Directions: Give the data back exactly. Leave out any images.

(Data Opens)

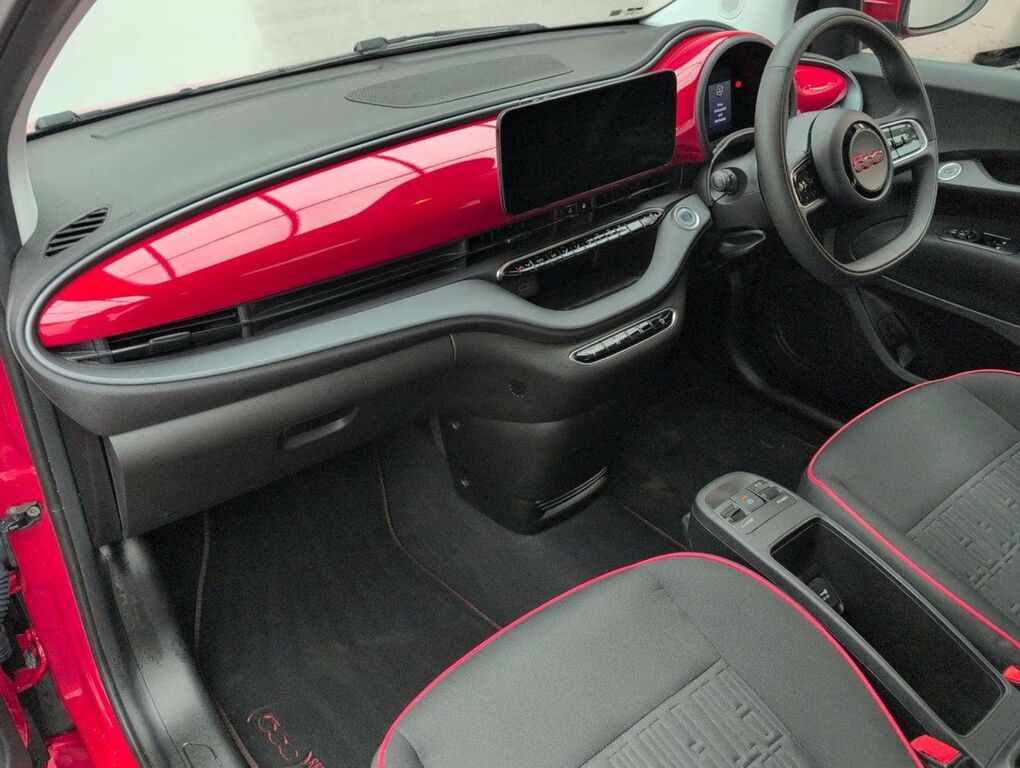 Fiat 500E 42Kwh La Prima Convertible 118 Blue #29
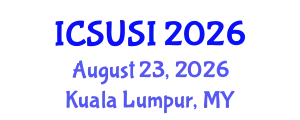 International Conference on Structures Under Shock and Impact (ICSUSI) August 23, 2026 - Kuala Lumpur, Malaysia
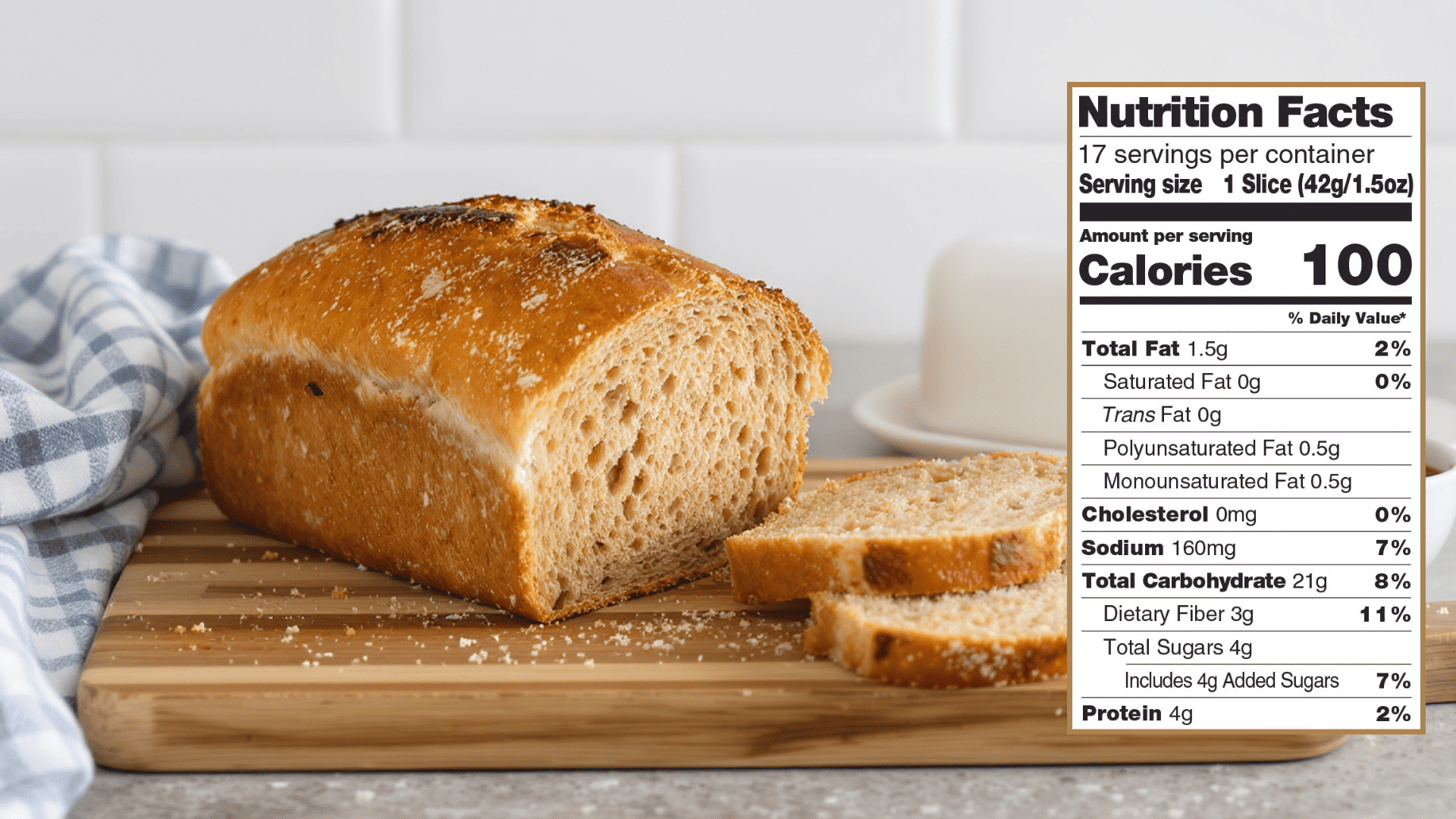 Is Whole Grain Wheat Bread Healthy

(Data Closes)

Task output:
 Fiat 500E 42Kwh La Prima Convertible 118 Blue #29
 International Conference on Structures Under Shock and Impact (ICSUSI) August 23, 2026 - Kuala Lumpur, Malaysia
 Is Whole Grain Wheat Bread Healthy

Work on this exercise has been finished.